2. Claimed TDS Not Matching FORM 26AS
Under section 143(1) (notice of demand), tax notice is issued if the TDS amount disclosed in ITR does not matched with FORM 26AS or FORM 16 or 16A. Hence, before filling the return make sure that TDS is correctly recorded.
Read Also: 12 New transactions in New 26AS making disclosure of total 25 transactions
3. Undisclosure of Income
A notice will be issued if the Income Tax department detect any income of person that has not been disclosed in his/her ITR. Hence, the individual should file ITR with all the income honestly. As tax department can find the income of assesses from different sources like banks, employers, etc. Read more : Penalty for not showing the income in Income Tax Return
4. Income Escaped for any previous year
The Assessing Officer can give a notice to the assesse even after filling of return, if he think any income is escaped or return is wrongfully filled under section 148. The notice is supposed to be given within 4 years from the concerned assessment year, if the difference of income is less than Rs 1 Lakh. However, If the income escaped is Rs. one lakh or more the notice under section 148 can be issued within 6 years from the end of relevant assessment year subject to provisions of other section in the act.

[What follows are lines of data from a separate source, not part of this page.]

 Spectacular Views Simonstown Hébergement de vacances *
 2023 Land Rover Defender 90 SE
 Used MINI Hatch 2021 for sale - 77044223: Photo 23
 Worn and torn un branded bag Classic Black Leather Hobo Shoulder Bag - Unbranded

Read Also: Bank Account under Income Tax : Questions and Answers
5. Tax Refund adjusted
If your income tax refund of current year is adjusted against the tax payable of any Previous Year, a notice will be issued by the Income Tax department to inform you about such practice. The assessment year of tax refund and the assessment year in which it is adjusted can be different.
6. Defective Return
Under section 139(9), if Income tax return filed by an individual is defective then income tax department will issue a notice explaining the defect and how to rectify it. If an individual within 15 days from such intimation doesn’t rectify the return then the return will be considered invalid return. The period of 15 days can be extended at discretion of The Assessing officer. Further if an individual rectifies the defect after 15 days or such extended period but before assessment is made, the Assessing Officer can ignore the delay and consider the return as valid return.
An income tax return will be considered defective if you provide incomplete details or proper documents not attached.

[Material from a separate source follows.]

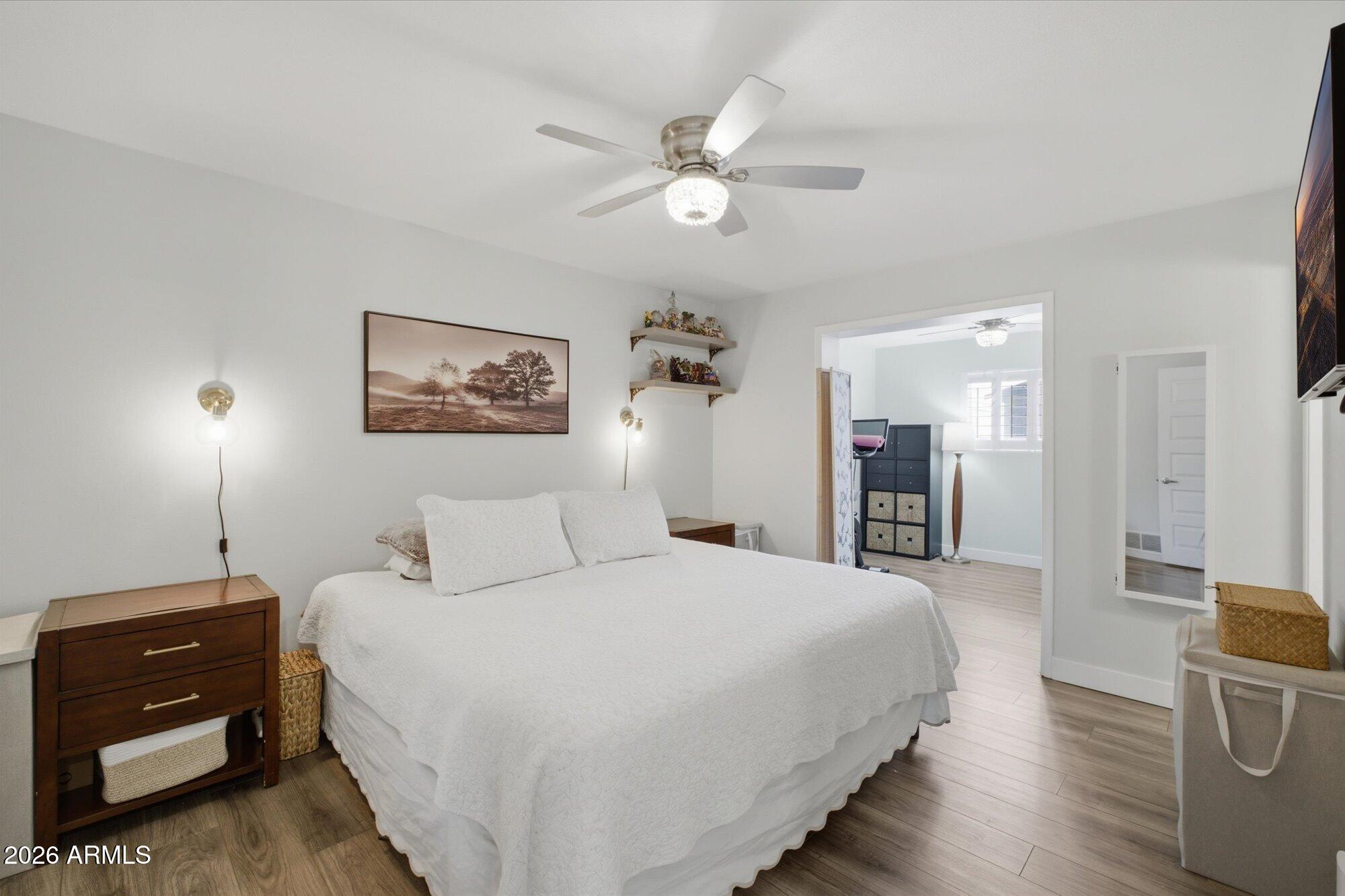 133 E ALAMEDA Drive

Read Also: Income Tax Rate For AY- 2020-2021/ FY- 2019-2020
7. Payment Of Advance Tax
If Assessing officer is of the opinion that the individual is liable to pay advance tax, then he will issue an order regarding the amount of advance tax, installment/ installments for the payment of such advance tax. The order can be issued at any time during the assessment year but before the last day of February. Read More: Advance Tax liability : Calculation, Due dates, Interest
8. Capital Gain From Equity
An individual who has income more than Rs 1 Lakh as capital gain from long term on which (Securities transaction tax) STT has been paid shall pay income tax at the rate of 10%. He/she should carefully cross check all the documents while filling the details of such income. As all the records are now available online, any misreporting or miscalculation of such an income can get you a notice from Income Tax Department.
9. High Value Transactions
If an individual has done high value transactions during an assessment year whether the individual has filled ITR or not, Income tax department can send him/her notice enquiring about the source of income and documents regarding those. The notice will be issued within 6 months from the end of the financial year under section 143(2).
Read Also: 15 High Value Transactions traced by Income Tax department
10. Investment made in the name of spouse:
If an individual invest in the name of their spouse and earns from it, such income should be disclosed in the ITR of individual under clubbing of income principles. Further if an individual has not disclosed such income he/she is likely to get a notice from income tax department.
11. Sudden changes in income or investment levels
If there is a sudden significant drop in income or a sudden sharp increase in income levels, the tax department will be on high alert. That’s the reason Ratio section of Income is highly important.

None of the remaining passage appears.